Thursday 27 June 2019

Nurses vote to stage 24-hours strike action

Members of the Irish Nurses and Midwives Organisation (INMO) will take part in the strike action on January 30.

Irish Nurses and Midwives Organisation General Secretary Phil Ni Sheaghdha.
Irish Nurses and Midwives Organisation General Secretary Phil Ni Sheaghdha.

By Cate McCurry, Press Association

Nurses are planning to strike for 24 hours later this month over a pay dispute.

Members of the Irish Nurses and Midwives Organisation (INMO) will take part in the strike action on January 30.

If the pay dispute is not resolved, it will hold further strikes on February 5 and 7, and then on the 12, 13 and 14 next month.

The INMO said its members will withdraw their labour for 24 hours, but will continue to provide lifesaving care and emergency response teams.

It says that the decision to hold a national strike is in response to low wages and concerns of safe staffing in the public health service.

The INMO claims that the number of staff nurses fell by 6% (1,754) between 2008 and 2018.

It will be only the second national strike in the INMO’s 100-year history.

The ball is in the Government’s court.

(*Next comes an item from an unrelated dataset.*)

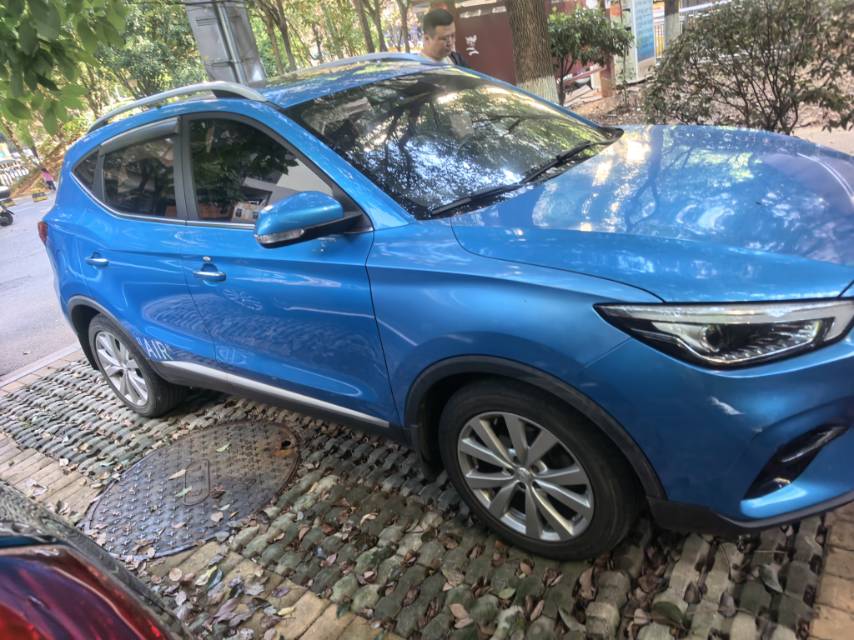MG ZS 2020 car image #2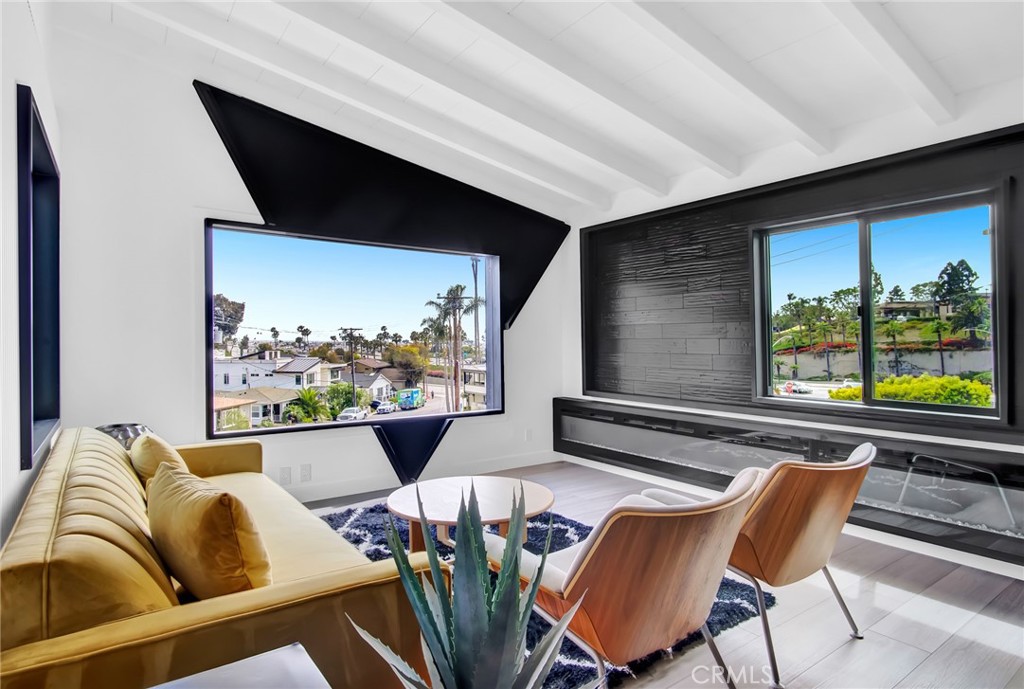 300 Holmwood Drive, Newport Beach CA 92663 - photo 7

This strike can be averted. Phil Ni Sheaghdha

INMO general secretary Phil Ni Sheaghdha said: “Going on strike is the last thing a nurse or midwife wants to do.

“But the crisis in recruitment and retention has made it impossible for us to do our jobs properly.

“We are not able give patients the care they deserve under these conditions.

“The HSE simply cannot recruit enough nurses and midwives on these wages. Until that changes, the health service will continue to go understaffed and patient care will be compromised.

“The ball is in the Government’s court. This strike can be averted.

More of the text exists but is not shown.